WASHINGTON, January 14, 2010 - Internet service providers and content providers are at a disadvantage since they are not compensated for all of the information they disseminate, and that leads to systematic underinvestment in the Internet, posits a new paper (PDF).

The authors of “Free to Invest: The Economic Benefits of Preserving Network Neutrality” say if that income could be accessed, government policy could help overcome that market failure.

Without network neutrality rules, new technologies could lead to pricing practices that transfer wealth from content providers to ISPs, which the authors say is a form of price discrimination investment for Internet content managers. Web site owners, bloggers, news organizations and others would have less incentive to expand their sites and applications, says the report, published by the Institute for Policy Integrity at the New York University School of Law.
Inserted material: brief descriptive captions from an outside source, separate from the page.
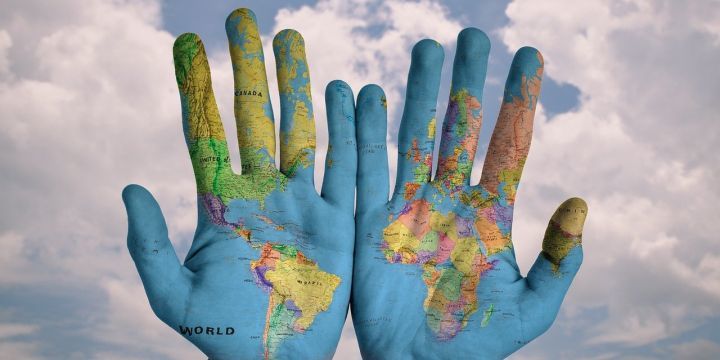 EAB Welt in unseren Händen  ©pixabay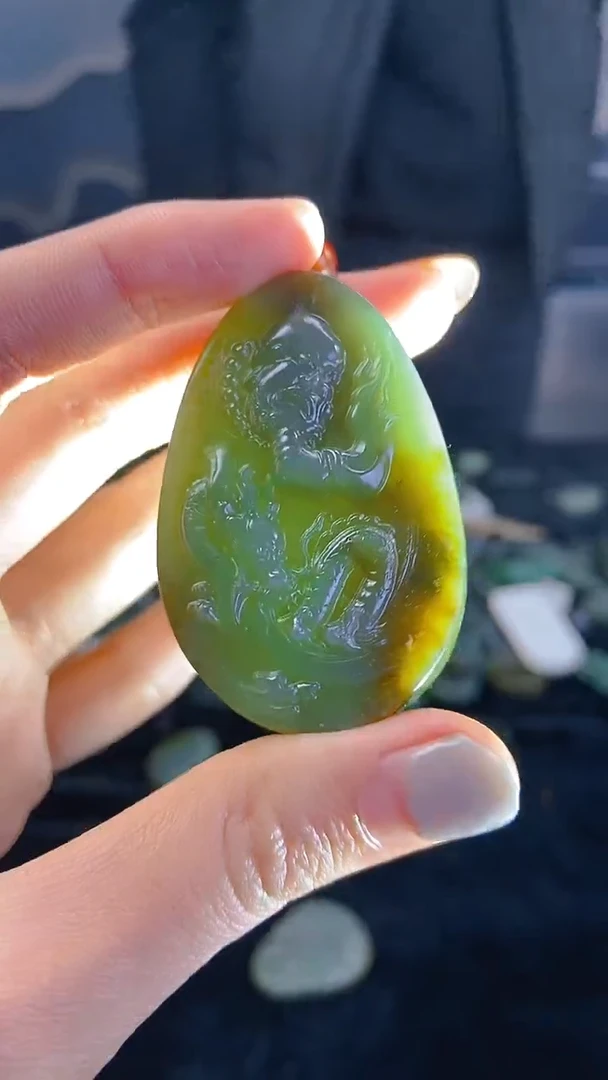 颈饰未镶嵌和田玉1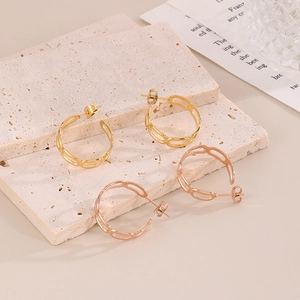 Détail de boucles d'oreilles créoles à maillons en or 18 carats et or rose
The authors, Inimai Chettiar and J. Scott Holladay, say additional investment in broadband infrastructure also would increase the value of the Internet by making it faster and accessible in more places.

“But charging content providers for access to ISP customers is an extremely inefficient economic tool to do that, primarily because most additional revenue generated for ISPs is likely to be transferred to their shareholders rather than invested in expanding broadband lines,” they say.

1 Comment

  1. Interesting. The “Institute for Policy Integrity” claims to be a nonprofit “think tank,” but does not show up on the IRS list of registered nonprofits or in the database of nonprofits. And it seems to advocate every possible kinds of regulation, regardless of its merits.

    Worst of all, the group founds its arguments for onerous regulation of the Internet on the false premise that there’s no choice. In fact, there’s a vibrant and highly competitive market for Internet services — which, in fact, the proposed regulation would threaten.